Problem details: Here the job is to retype the data word for word while leaving the pictures aside.
------ Collected data
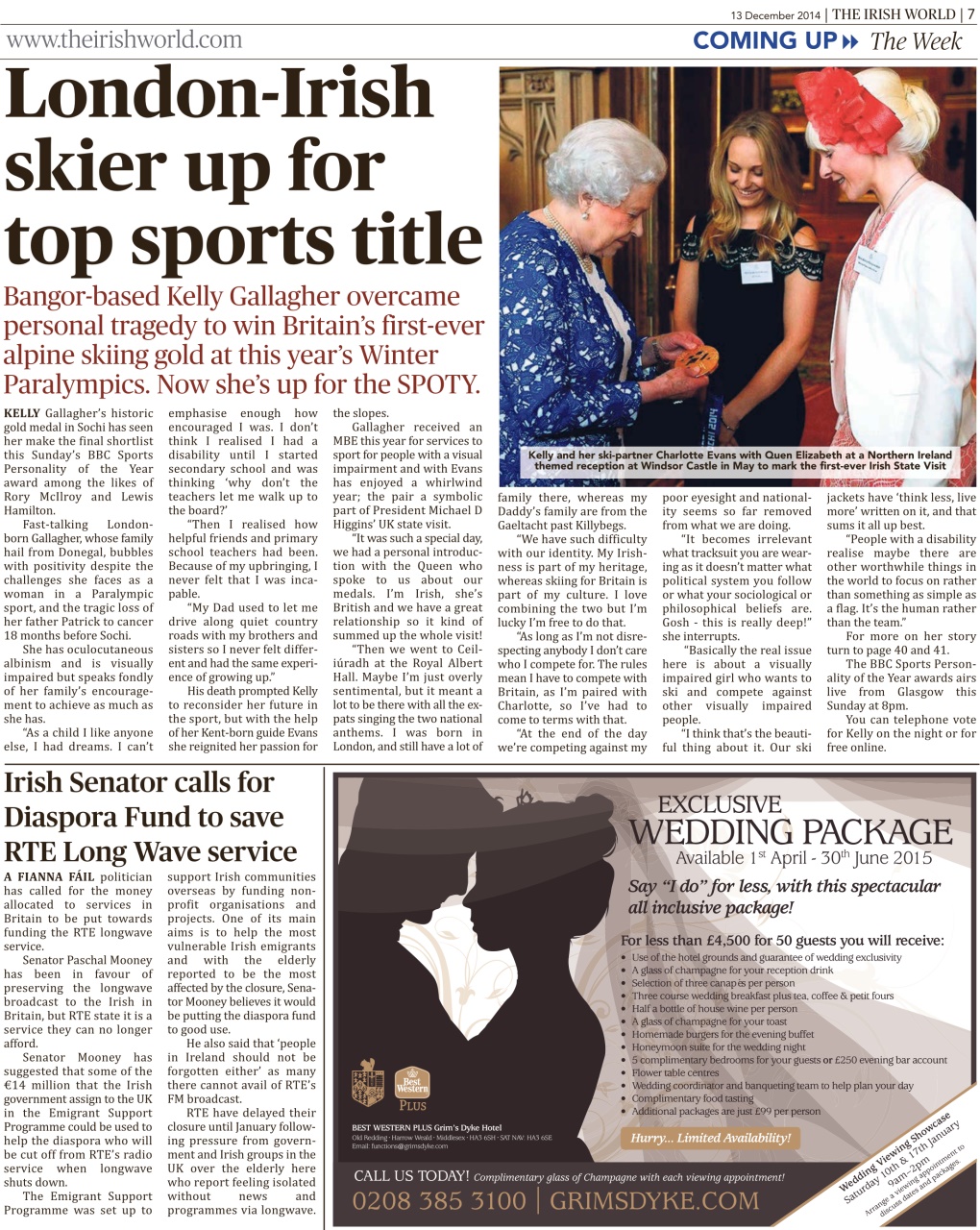 Irish World Preview Pages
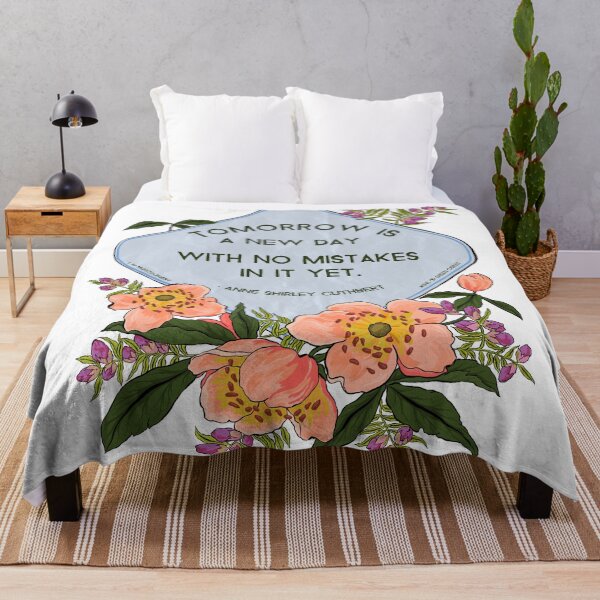 Item preview, Anne Of Green Gables: Tomorrow Is A New Day With No Mistakes In It Yet designed and sold by fabfeminist.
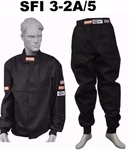 Racing Jacket & Pants Fire Suit 5 Rated Racerdirect Black Size Adult Medium. Fixed Price $269.99.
------------
Response area:
 Irish World Preview Pages
 Item preview, Anne Of Green Gables: Tomorrow Is A New Day With No Mistakes In It Yet designed and sold by fabfeminist.
 Racing Jacket & Pants Fire Suit 5 Rated Racerdirect Black Size Adult Medium. Fixed Price $269.99.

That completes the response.